Task to carry out:
Transcribe the lines exactly, beginning with the one that contains "What does that" and ending with the final line of the records. Do not transcribe pictures.

Information given:
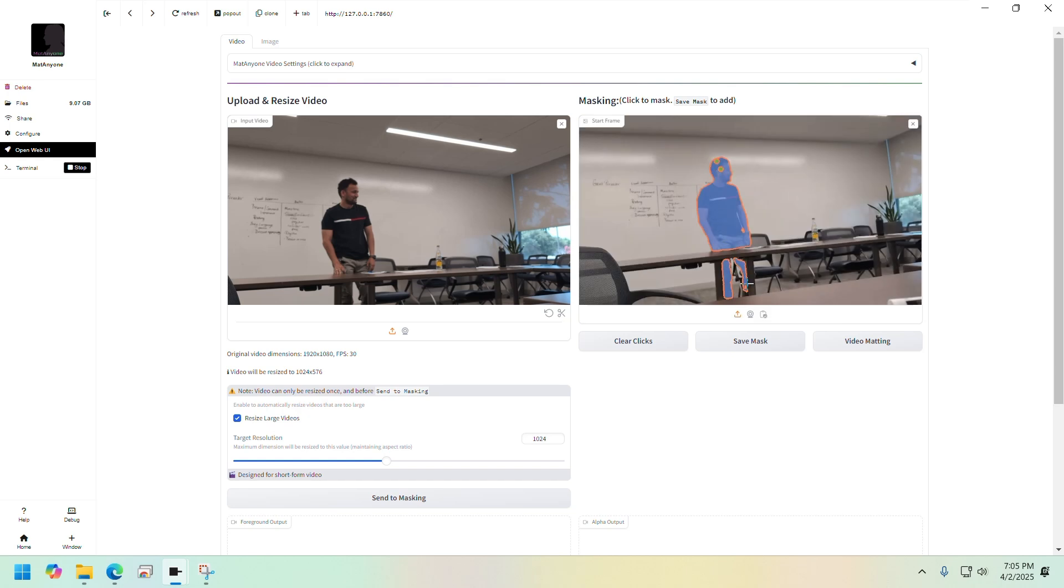I think it has picked up most of the main subjects here. Now I'll save mask and then click on video matting here.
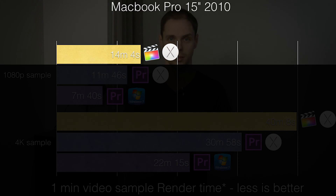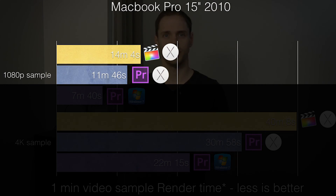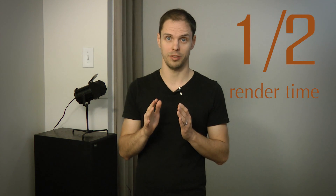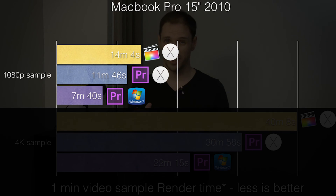As you can see, the 1080p sample took our computer 14 minutes 4 seconds to render in Final Cut Pro. There is a little surprise compared to the iMac 2014 we tested before — Premiere rendered this project a bit faster at 11 minutes 46 seconds. The render time in Premiere on Windows 7 was half of Final Cut, finishing after only 7 minutes and 40 seconds.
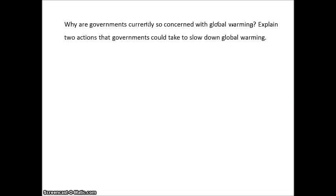Here's the next question. This question asks: why are governments currently so concerned with global warming? Explain two actions that governments could take to slow down global warming. The process words here are 'why' and 'explain'.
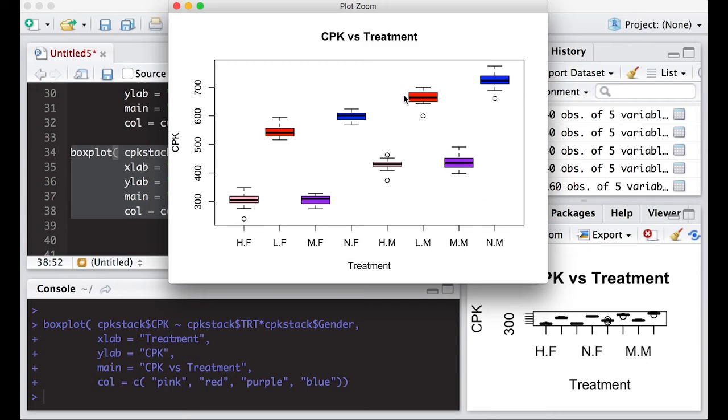It allows us a way to visualize what's going on, not just across one dimension like treatment, or the other dimension, gender. We can see how treatment and gender work together to produce even more stunning results.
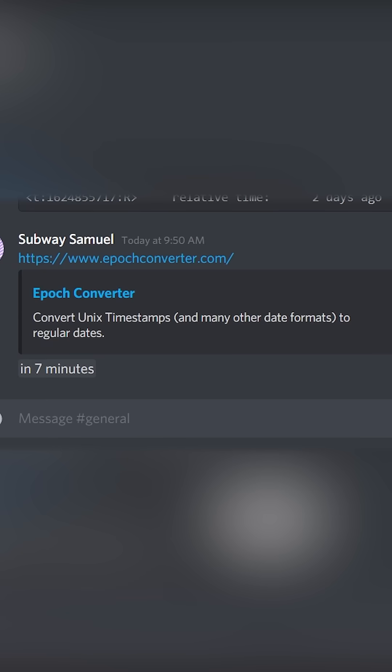And now in seven minutes it will be 11 a.m. You can do this with whatever formatting. It's fantastic and really cool.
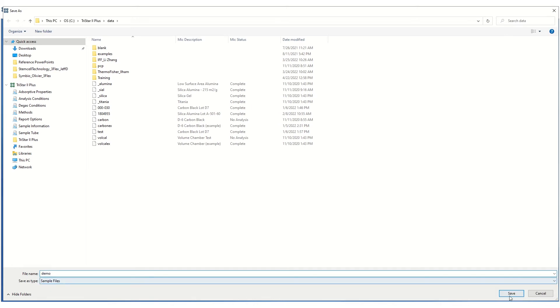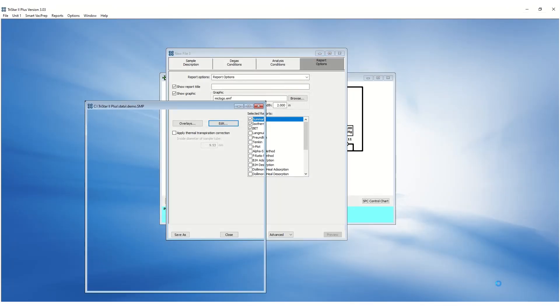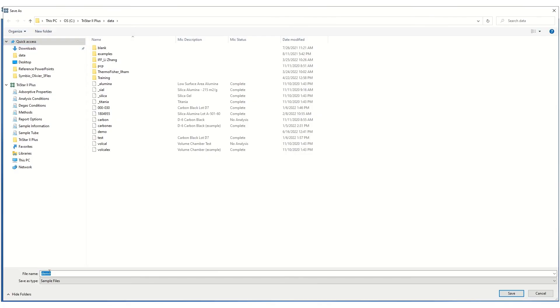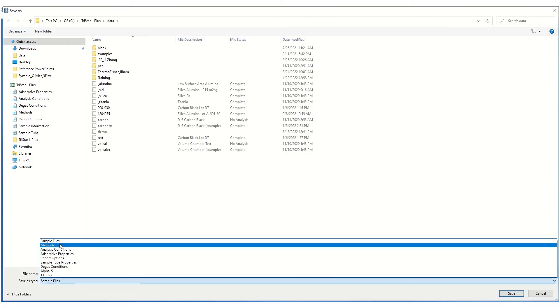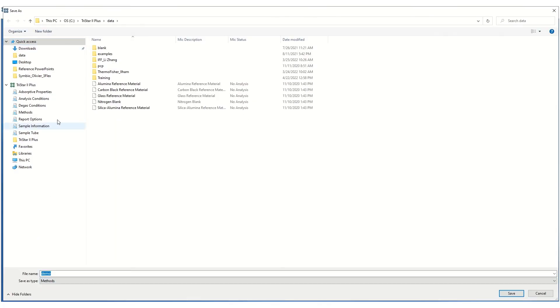Additionally, there are some useful features for a quick sample setup in the software. If you would like to use this sample file setup for the next analysis, you can save this file as a method and save under the Methods folder.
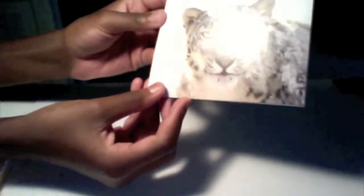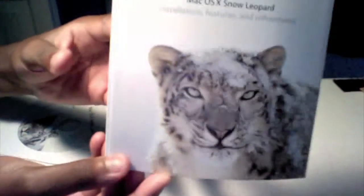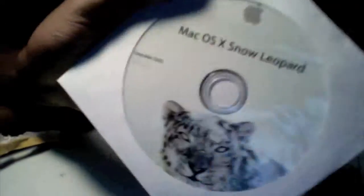So it has this thing, just the features that are new and all this stuff. And then it has, of course, the Snow Leopard disc.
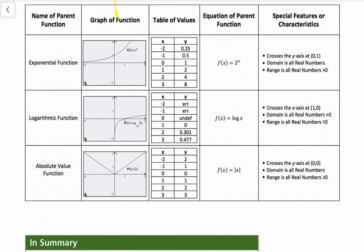The exponential function f(x) = 2^x crosses the y-axis at (0, 1). The domain is all real numbers, and the range is all real numbers greater than 0 — it never touches 0. Even with a negative input, the output remains positive; for example, 2^(−1) = 0.5, which is why this function is always positive.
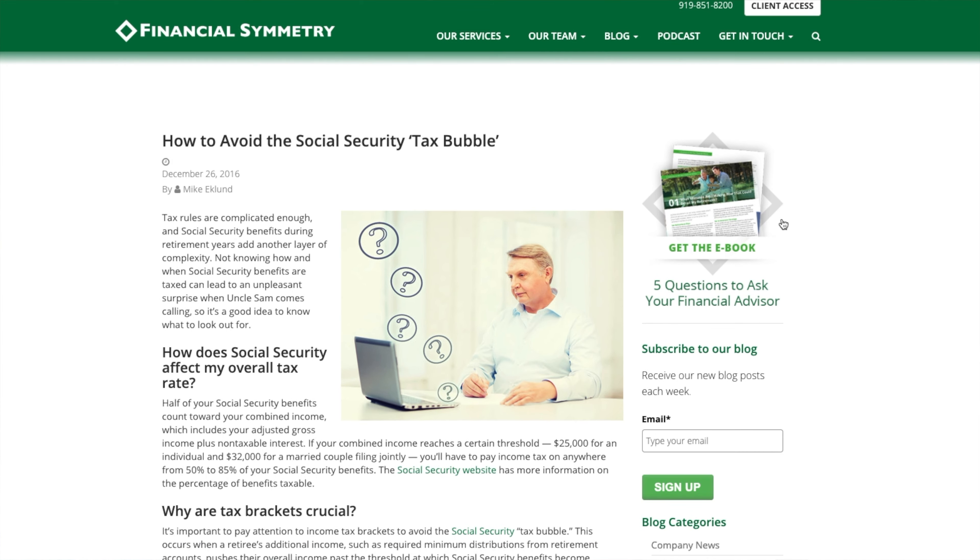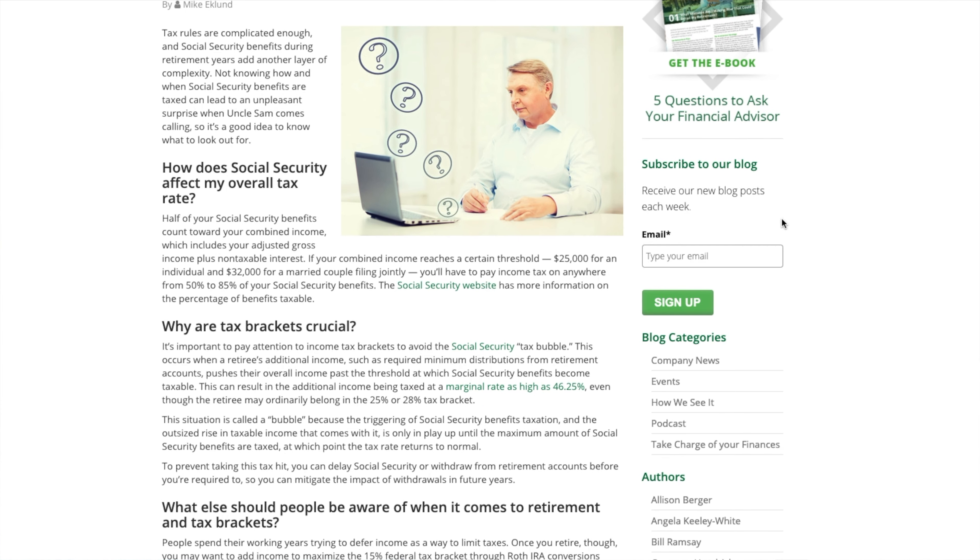Around this time of year we get a lot of questions around Social Security — specifically how taxes will play out when you choose to take it, whether you should defer it, and how that relates to your current income. Within that, we talk about a concept called the Social Security tax bubble. I brought Will Holt, one of our CPA professionals, who has experience analyzing these situations.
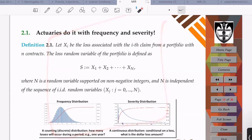We do it with frequency and severity. The main difference between the model of individual risks and the model of collective risks is a difference in the realm of modeling and conceptualization. In the model of individual risks, we assume we have a large number of risks — a thousand, ten thousand, twenty thousand, a million — but we know for sure how many risks we're dealing with.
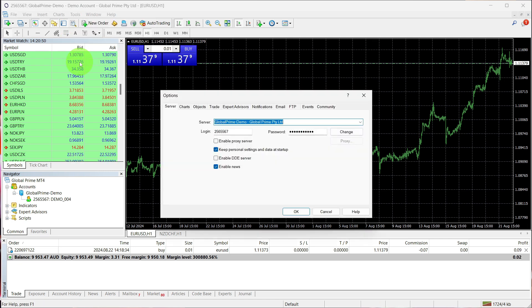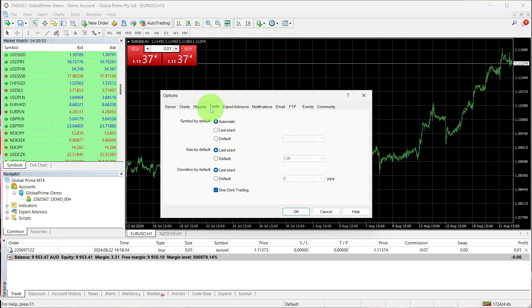A box will appear. Navigate to the Tab section and untick the one-click trading option. Once finished, click OK.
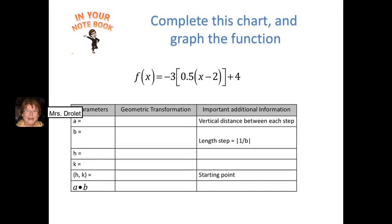It's important that you try these before verifying your answer. Here's another example — a transformed greatest integer function. When graphing a greatest integer function, identify a, b, h, and k, observe the geometric transformations, then draw your graph from that information. Try that on your own in your notebook and verify with the following slides.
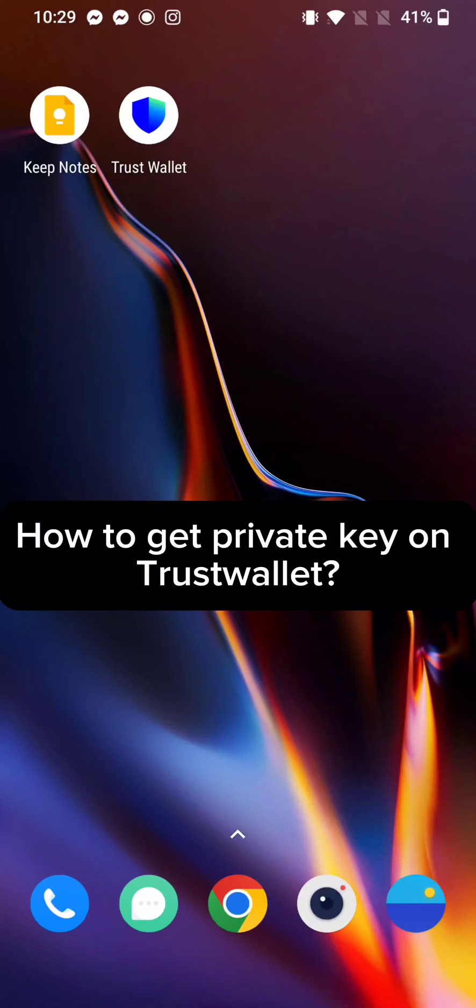Hi guys, welcome back to a new episode of Appstick Academy. Today in this video, I'm going to show you how you can get a private key on TrustWallet. Keep watching the video till the end.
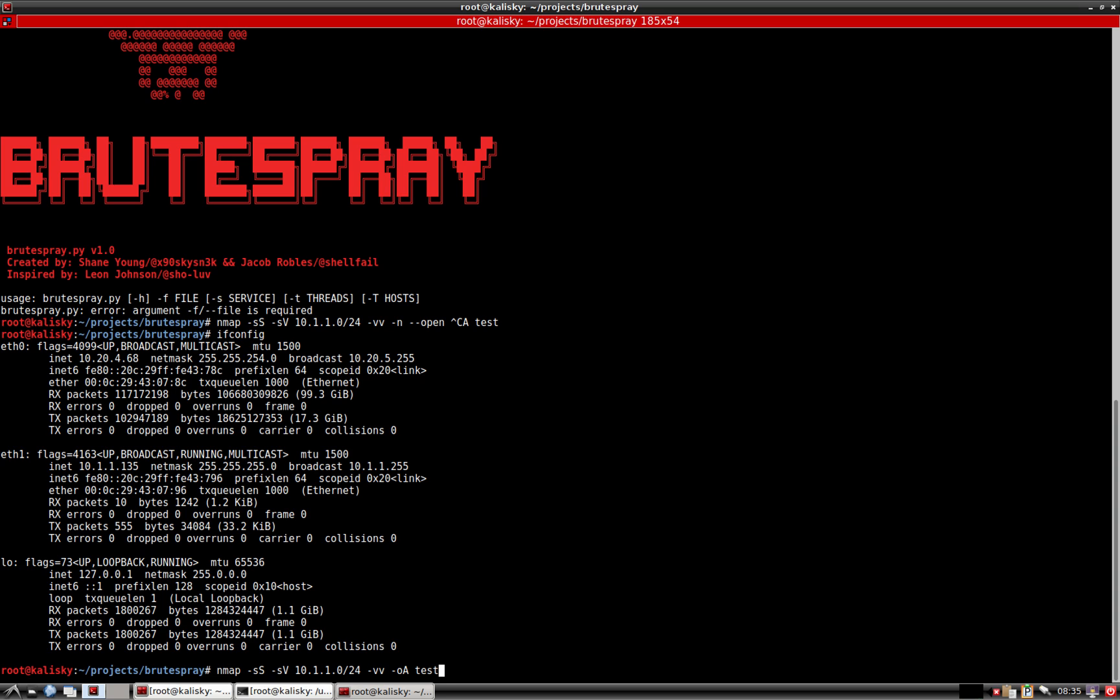We're just going to output that to everything, but Brute Spray right now only reads Scruppable NMAP output. Let's just go ahead and kick this off.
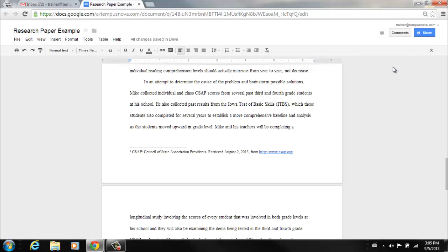You can use the change all button to change all of those selections all at once. Or you can use the ignore button to ignore each individual word that has been pointed out. Or you can use the ignore all button.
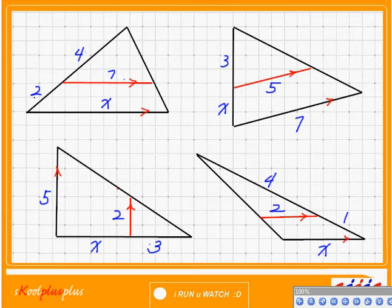Good morning everybody. How many triangles do you see right here? One, two, three, four. Is that right?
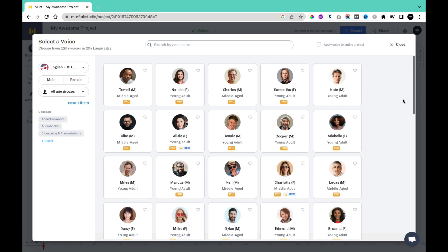Hey guys, we all know how creating a voice-over can be challenging, whether it's finding the perfect voice artist or making text-to-speech sound realistic. But what if there was a technology that could help you overcome these challenges? Well, Morph AI realistic text-to-speech AI is designed to help you make the process of creating voice-over more efficient and effective.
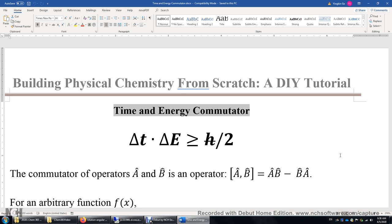What does that mean? If we are trying to measure the energy of a system within a very short time period, let's say 10 to the power of negative 34 seconds, the uncertainty of the energy being measured is going to be roughly 1 joule. If we measure the energy of a system within a longer time period, let's say 10 to the power of negative 10 seconds, then the uncertainty of energy is going to be 10 to the power of negative 24 joule, approximately.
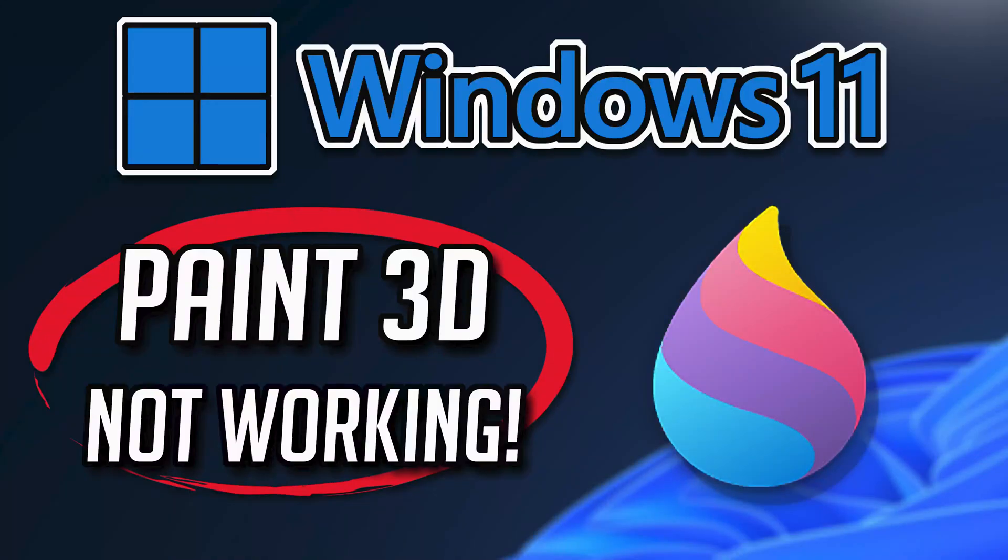If your Paint 3D app crashes, won't update, shows an error, or simply won't open, this could be happening because your Paint 3D app might be damaged or corrupt. Follow the steps in this video to learn how to fix your Paint 3D app in a quick and easy way.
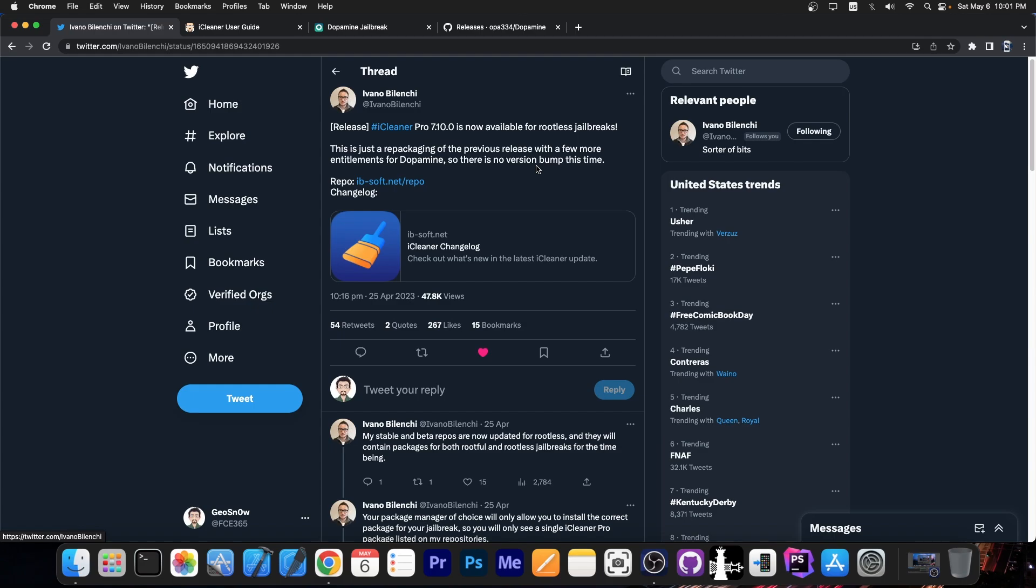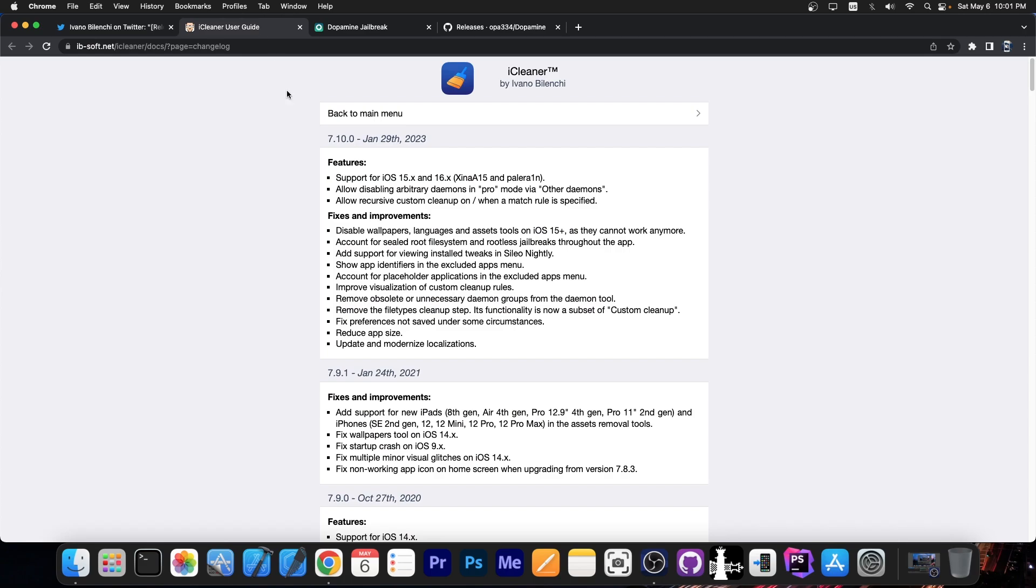A couple of days ago, the developer behind iCleaner posted this: Release iCleaner Pro 7.10.0 is now available for rootless jailbreaks. This is just a repackaging of the previous release with a few more entitlements for Dopamine, so there is no version bump this time.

Exercise solution:
What does that mean? If we are trying to measure the energy of a system within a very short time period, let's say 10 to the power of negative 34 seconds, the uncertainty of the energy being measured is going to be roughly 1 joule. If we measure the energy of a system within a longer time period, let's say 10 to the power of negative 10 seconds, then the uncertainty of energy is going to be 10 to the power of negative 24 joule, approximately.
If your Paint 3D app crashes, won't update, shows an error, or simply won't open, this could be happening because your Paint 3D app might be damaged or corrupt. Follow the steps in this video to learn how to fix your Paint 3D app in a quick and easy way.
A couple of days ago, the developer behind iCleaner posted this: Release iCleaner Pro 7.10.0 is now available for rootless jailbreaks. This is just a repackaging of the previous release with a few more entitlements for Dopamine, so there is no version bump this time.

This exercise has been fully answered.